Source information
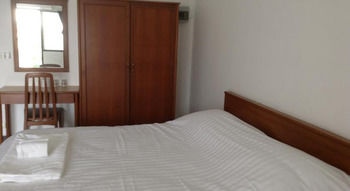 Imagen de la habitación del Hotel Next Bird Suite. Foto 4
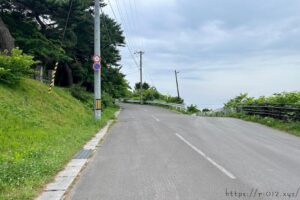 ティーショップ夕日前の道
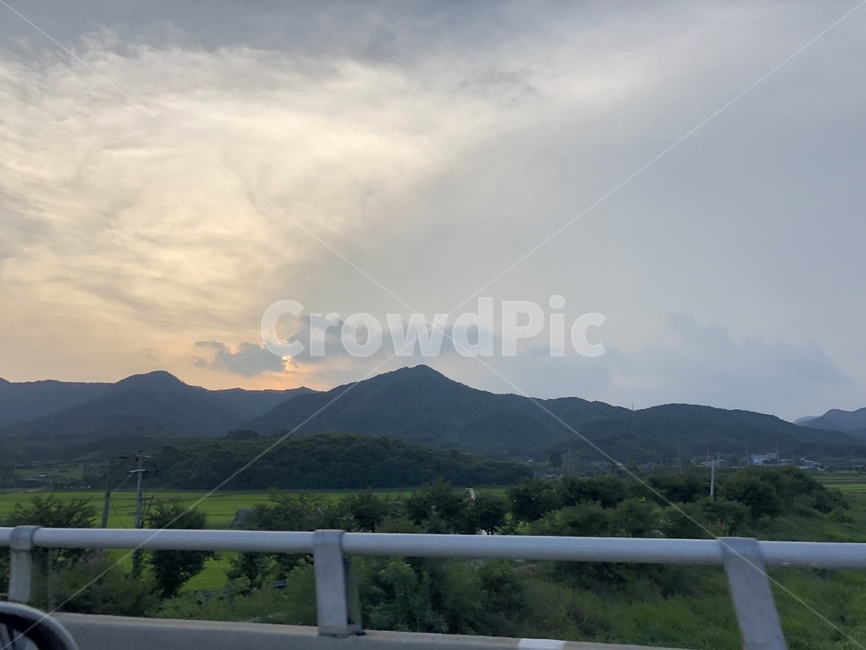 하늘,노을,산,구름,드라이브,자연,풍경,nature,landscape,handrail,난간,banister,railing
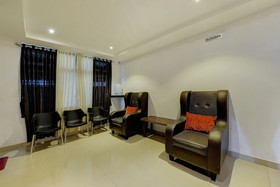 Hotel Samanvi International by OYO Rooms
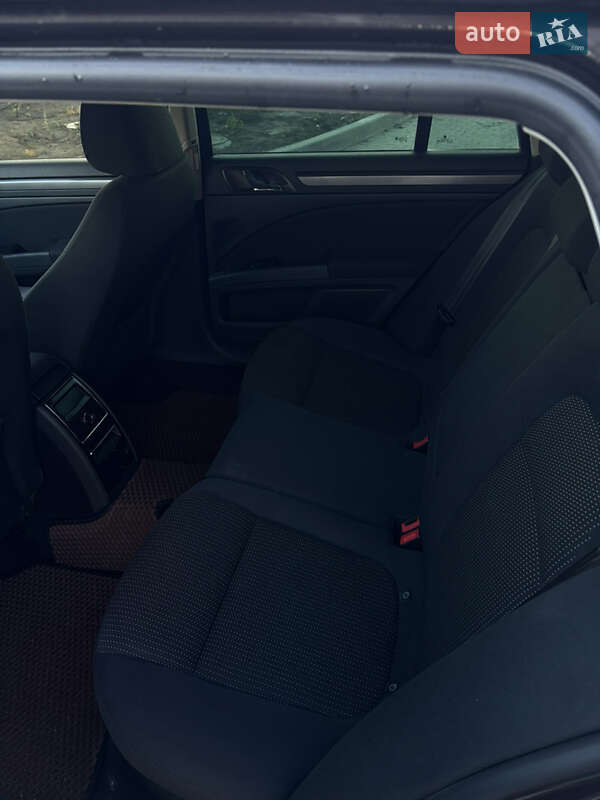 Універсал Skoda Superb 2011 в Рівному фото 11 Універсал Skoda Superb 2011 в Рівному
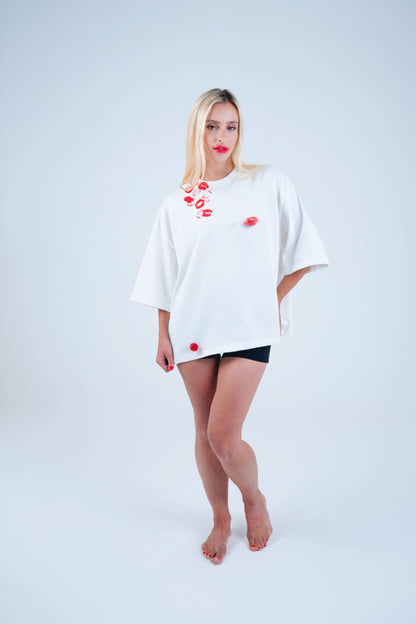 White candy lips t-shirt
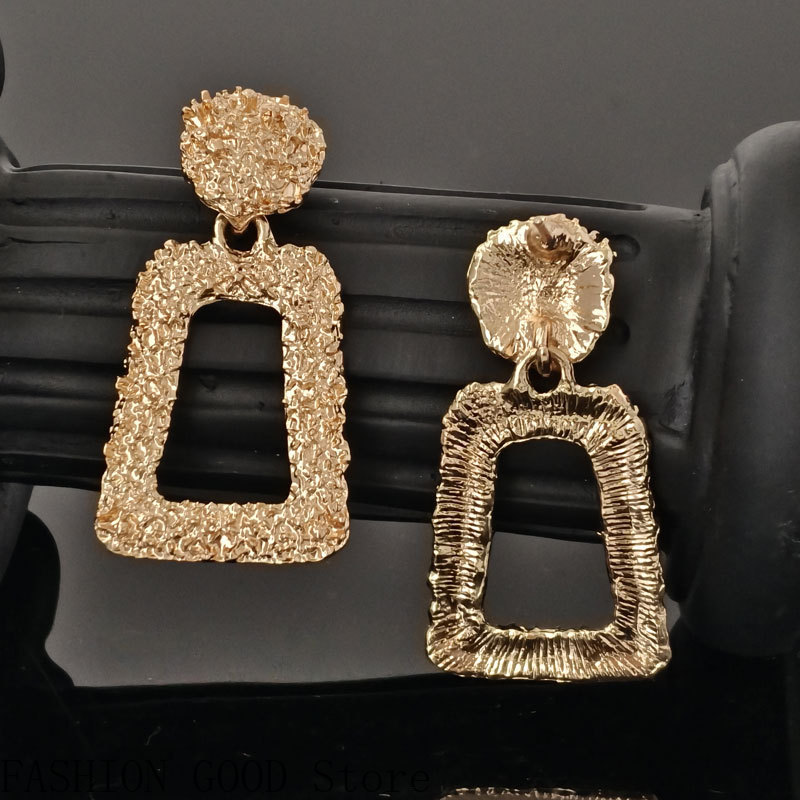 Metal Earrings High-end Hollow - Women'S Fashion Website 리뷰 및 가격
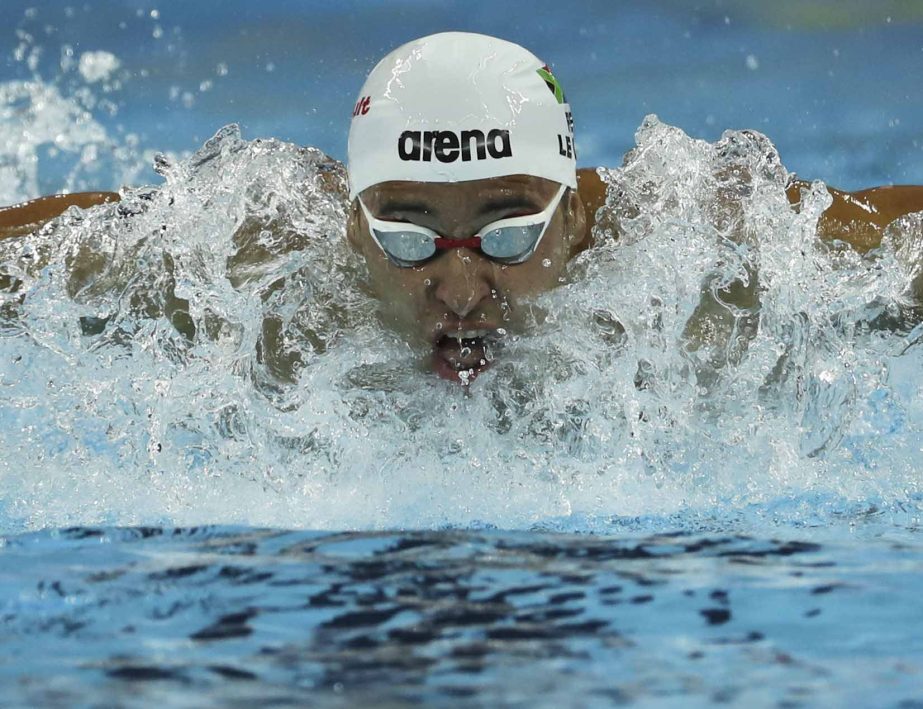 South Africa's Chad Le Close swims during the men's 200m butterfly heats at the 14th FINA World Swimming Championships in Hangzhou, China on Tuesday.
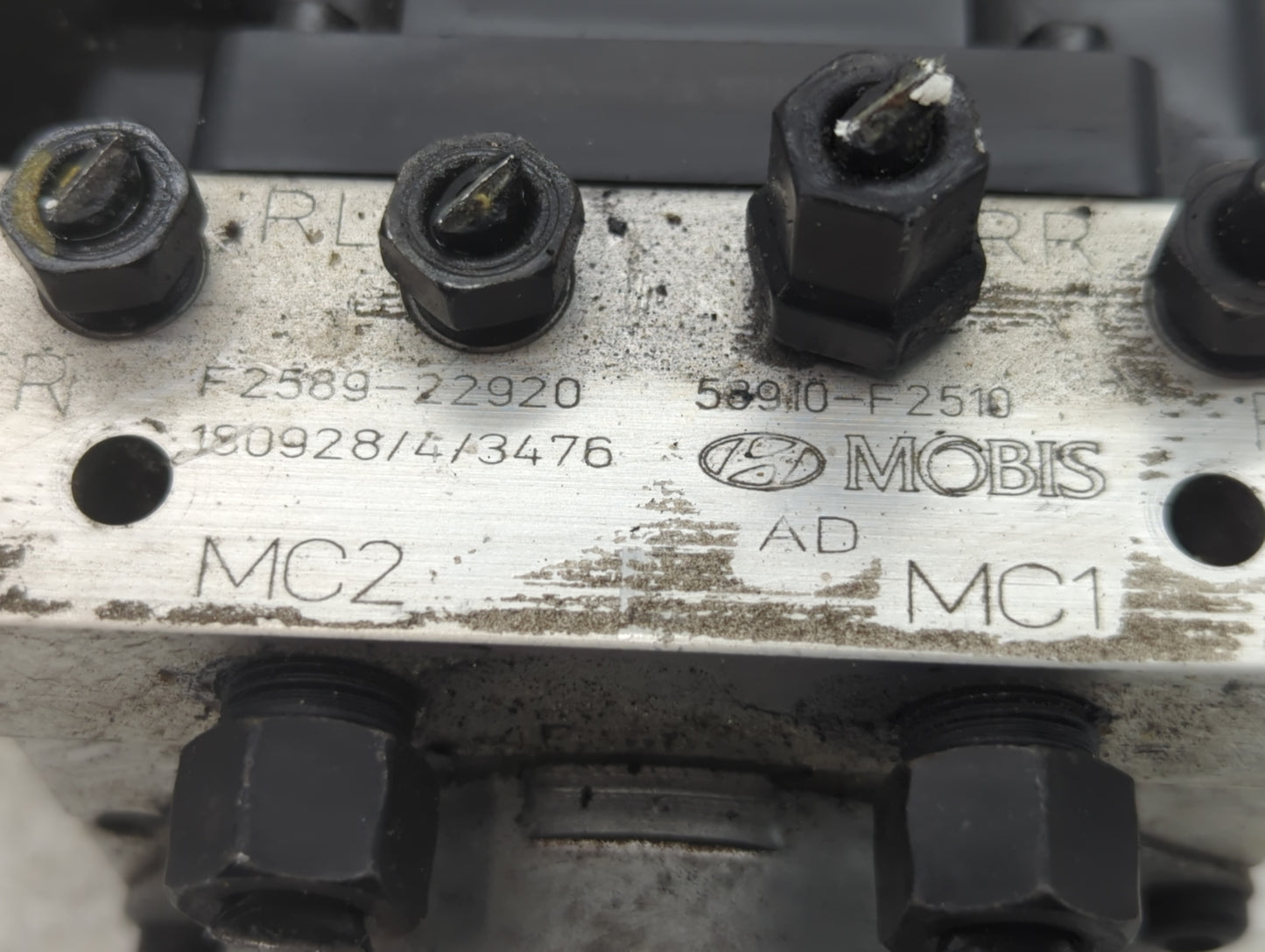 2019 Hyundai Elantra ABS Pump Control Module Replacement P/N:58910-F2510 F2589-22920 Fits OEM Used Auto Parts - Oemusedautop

About this exercise
Copy only this from above: the line containing "White candy lips t-shirt", the line containing "South Africa's Chad", and all lines between, printed exactly. Leave out the pictures.

Solution to the problem
 White candy lips t-shirt
 Metal Earrings High-end Hollow - Women'S Fashion Website 리뷰 및 가격
 South Africa's Chad Le Close swims during the men's 200m butterfly heats at the 14th FINA World Swimming Championships in Hangzhou, China on Tuesday.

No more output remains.